The physical exuberance includes a scene in which two obsequious servants (Josh Lucas and Alex Mills) give the Wife a manicure and spa session — each touch of a makeup brush or emery board as ebullient as a dance step.
Evgenia L. Salazar’s costumes, flavored with fantasy and Eastern European tradition, help convey the Wife’s insatiable social ambition, as do the changing buildings on Phil Charlwood’s streamlined set. As the demands on the Golden Fish escalate, an ominous note creeps into the musical underscoring, which otherwise often evokes comic operetta. (Koki Lortkipanidze is resident composer.)

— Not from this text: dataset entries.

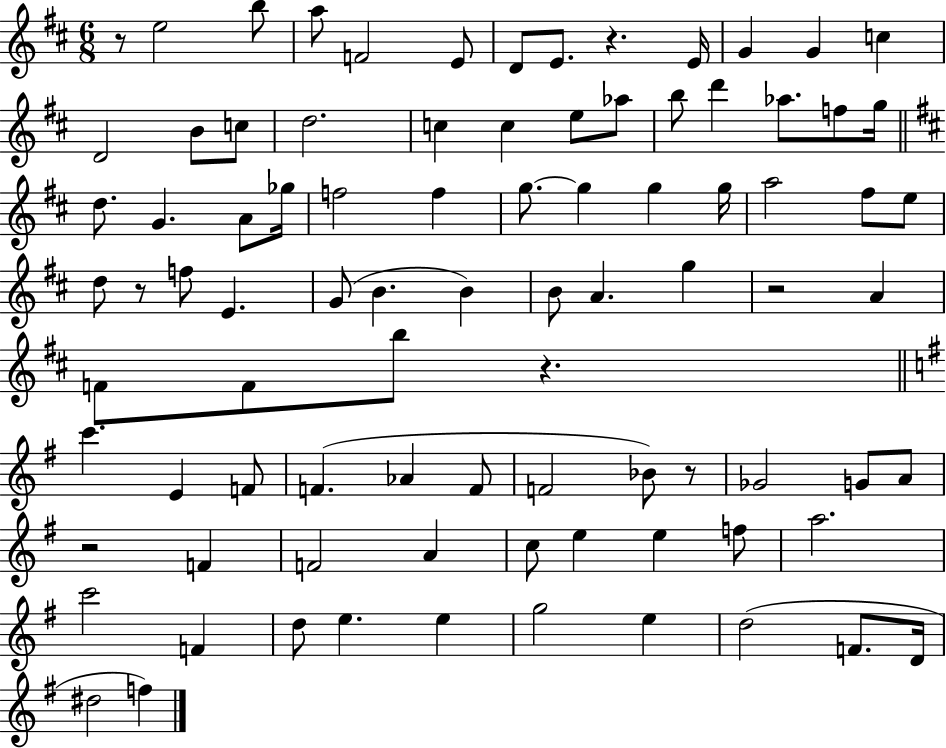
X:1
T:Untitled
M:6/8
L:1/4
K:D
z/2 e2 b/2 a/2 F2 E/2 D/2 E/2 z E/4 G G c D2 B/2 c/2 d2 c c e/2 _a/2 b/2 d' _a/2 f/2 g/4 d/2 G A/2 _g/4 f2 f g/2 g g g/4 a2 ^f/2 e/2 d/2 z/2 f/2 E G/2 B B B/2 A g z2 A F/2 F/2 b/2 z c' E F/2 F _A F/2 F2 _B/2 z/2 _G2 G/2 A/2 z2 F F2 A c/2 e e f/2 a2 c'2 F d/2 e e g2 e d2 F/2 D/4 ^d2 f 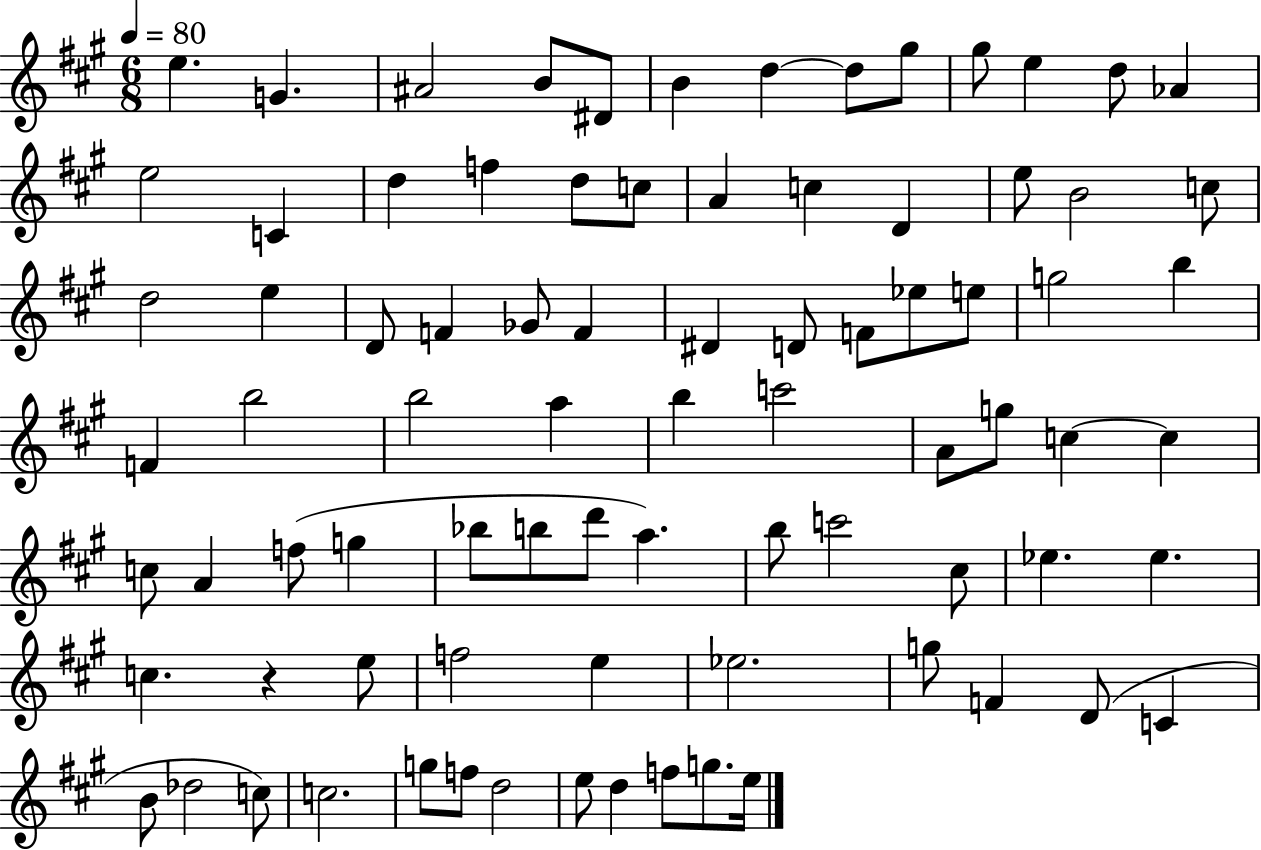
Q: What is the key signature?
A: A major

In the winning first moments of the show, Mills gambols on as the Narrator, wielding a paint palette and, instead of a brush, a tuft of rainbow-colored gauze. Later, the Narrator will speak, but at this point he just seems to paint a fairy-tale world into existence, for instance daubing at the Old Man until the fisherman looks sufficiently distinctive. The sequence might almost represent Synetic itself, conjuring a new artwork, move by inventive move.
The Golden Fish, directed and choreographed by Irina Tsikurishvili; resident dramaturge/adapter, Nathan Weinberger; technical director, Phil Charlwood; lighting design, Dominic DeSalvio and Hailey LaRoe; sound, Brandon Cook. About 45 minutes. Through Jan. 7 at 1800 S. Bell St., Arlington. 703-824-8060, Ext. 117. synetictheater.org.